Guardando la terra dall’alto vediamo che la terra è bella, tutta verde e azzurra, pulita e innocente, dall’alto non si vede la miseria della guerra, della povertà, della fame, della violenza, dall’alto non si vede il male. Ma sappiamo che sono realtà concrete purtroppo. Per questo volare alto significa anche essere capaci di sollevare il capo e guardare al luogo dove sta la salvezza, dove sta la risposta: la dimora di Dio

Non dobbiamo aver paura di stare in alta quota.
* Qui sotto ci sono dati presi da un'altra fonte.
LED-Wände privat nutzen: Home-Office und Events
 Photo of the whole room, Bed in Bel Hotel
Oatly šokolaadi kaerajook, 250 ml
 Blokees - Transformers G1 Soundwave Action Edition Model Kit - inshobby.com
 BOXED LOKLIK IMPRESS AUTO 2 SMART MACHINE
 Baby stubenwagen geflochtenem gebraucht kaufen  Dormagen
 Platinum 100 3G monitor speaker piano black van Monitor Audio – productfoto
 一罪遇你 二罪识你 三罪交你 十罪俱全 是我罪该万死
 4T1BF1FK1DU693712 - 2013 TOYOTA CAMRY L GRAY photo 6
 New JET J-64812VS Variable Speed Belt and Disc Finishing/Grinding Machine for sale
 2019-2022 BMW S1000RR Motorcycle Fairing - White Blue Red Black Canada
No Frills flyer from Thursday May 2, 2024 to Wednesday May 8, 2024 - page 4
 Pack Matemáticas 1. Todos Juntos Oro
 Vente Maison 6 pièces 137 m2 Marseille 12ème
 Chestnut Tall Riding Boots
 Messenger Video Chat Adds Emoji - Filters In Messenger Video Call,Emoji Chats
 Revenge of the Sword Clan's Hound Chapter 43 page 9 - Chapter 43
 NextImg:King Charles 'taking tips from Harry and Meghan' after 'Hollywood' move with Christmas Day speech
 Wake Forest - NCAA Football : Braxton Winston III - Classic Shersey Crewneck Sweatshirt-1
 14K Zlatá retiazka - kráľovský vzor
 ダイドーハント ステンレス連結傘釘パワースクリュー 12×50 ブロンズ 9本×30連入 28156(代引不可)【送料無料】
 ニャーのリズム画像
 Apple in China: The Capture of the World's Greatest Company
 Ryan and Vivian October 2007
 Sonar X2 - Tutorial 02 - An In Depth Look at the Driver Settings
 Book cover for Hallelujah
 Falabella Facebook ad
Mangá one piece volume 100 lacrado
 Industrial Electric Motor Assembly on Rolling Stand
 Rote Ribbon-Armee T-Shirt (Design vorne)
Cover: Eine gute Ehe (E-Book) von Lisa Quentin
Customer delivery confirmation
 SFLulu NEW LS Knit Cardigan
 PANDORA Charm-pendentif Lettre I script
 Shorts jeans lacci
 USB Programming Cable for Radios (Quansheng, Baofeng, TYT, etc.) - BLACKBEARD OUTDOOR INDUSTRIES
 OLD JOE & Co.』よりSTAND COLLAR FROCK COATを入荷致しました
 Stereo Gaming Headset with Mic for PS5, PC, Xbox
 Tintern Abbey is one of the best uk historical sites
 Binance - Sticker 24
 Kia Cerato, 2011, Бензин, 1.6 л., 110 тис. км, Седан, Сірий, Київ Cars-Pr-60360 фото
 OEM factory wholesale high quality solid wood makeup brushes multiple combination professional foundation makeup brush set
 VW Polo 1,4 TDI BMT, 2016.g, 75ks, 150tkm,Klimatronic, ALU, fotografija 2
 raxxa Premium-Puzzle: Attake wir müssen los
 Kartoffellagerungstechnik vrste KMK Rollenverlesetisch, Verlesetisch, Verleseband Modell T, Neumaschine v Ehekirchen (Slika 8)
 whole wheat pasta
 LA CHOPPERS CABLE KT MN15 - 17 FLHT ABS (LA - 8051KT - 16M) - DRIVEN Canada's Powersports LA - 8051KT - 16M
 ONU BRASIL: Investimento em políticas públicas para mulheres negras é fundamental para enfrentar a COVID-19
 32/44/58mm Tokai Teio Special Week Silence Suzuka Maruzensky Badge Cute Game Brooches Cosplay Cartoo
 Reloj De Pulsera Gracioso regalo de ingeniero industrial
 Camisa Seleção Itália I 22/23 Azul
Solo così possiamo guardare meglio alla nostra esistenza, al mondo che ci circonda, perché ci si solleva sino allo sguardo di Cristo sulla vita e sulla storia.

Mi è caro citare papa Francesco, che parlando proprio a voi aviatori, ha detto: Per voi “volare alto” significa essere operatori di pace, servire la pace sia nelle missioni in volo sia nei servizi a terra, sia in patria sia fuori, in zone di conflitto. La Santa Casa di Loreto ci ricorda che, dovunque siamo, abbiamo una casa che custodisce le nostre radici cristiane; e abbiamo una Madre che veglia su di noi. La casa è la Chiesa e la Madre è Maria. Da lei impariamo soprattutto l’umiltà, che è la via che conduce al Cielo”.

Auspico che si realizzi per ognuno di voi, cari aviatori, quello che chiedete nella preghiera dell’aviatore: Tu, Dio, dacci le ali delle aquile, lo sguardo delle aquile, l’artiglio delle aquile.

La Vergine di Loreto custodisca tutti gli aviatori, e custodisca tutti coloro che solcano i cieli; e aiuti loro, e tutti noi, a essere riconoscenti a Dio per il dono di volare liberi verso di Lui; e ci aiuti a fare di questa libertà, come dice Paolo, non un pretesto per vivere secondo il nostro egoismo, ma la radice di una carità sempre più forte e piena, riflesso dell’amore senza riserve del Dio che ci ama, ci libera e, sollevandoci su ali di aquila, ci fa giungere fino a Sé.